"Women with raised levels of phthalates in their urine during pregnancy were significantly more likely to have sons with shorter anogenital distance as well as shorter penis length and smaller testes. “When the [fetus’s] testicles start making testosterone, which is about week eight of pregnancy, they make a little less,” Swan said. “That’s the nub of this whole story. So phthalates decrease testosterone. The testicles then do not produce proper testosterone, and the anogenital distance is shorter.”

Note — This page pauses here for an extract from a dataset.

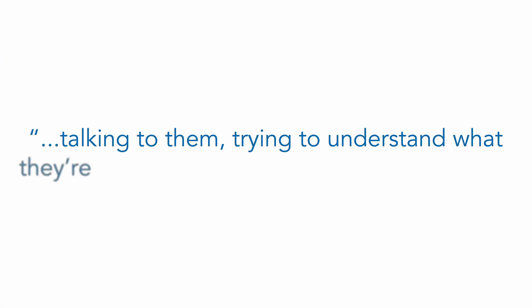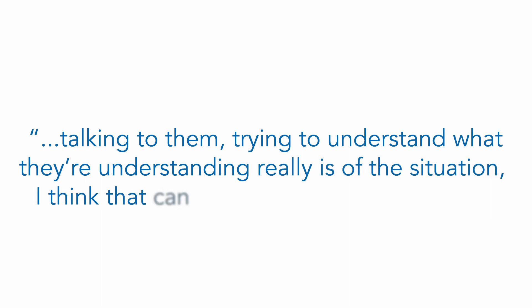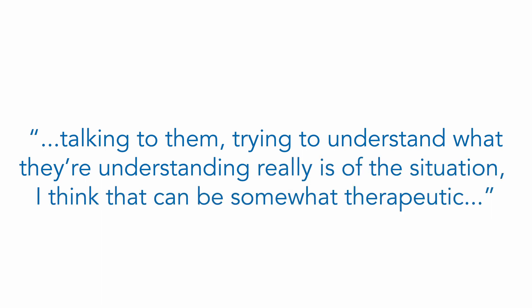Talking to them, trying to understand what their understanding really is of their situation—I think that can be somewhat therapeutic to give them reassurance. And with that I think people can become somewhat at ease knowing that yes, there is some sort of a strategy in mind.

"The problem is that these chemicals are everywhere. BPA can be found in water bottles and food containers and sales receipts. Phthalates are even more common: They are in the coatings of pills and nutritional supplements; they’re used in gelling agents, lubricants, binders, emulsifying agents, and suspending agents. Not to mention medical devices, detergents and packaging, paint and modeling clay, pharmaceuticals and textiles and sex toys and nail polish and liquid soap and hair spray. They are used in tubing that processes food, so you’ll find them in milk, yogurt, sauces, soups, and even, in small amounts, in eggs, fruits, vegetables, pasta, noodles, rice, and water. The CDC determined that just about everyone in the United States has measurable levels of phthalates in his or her body—they’re unavoidable. "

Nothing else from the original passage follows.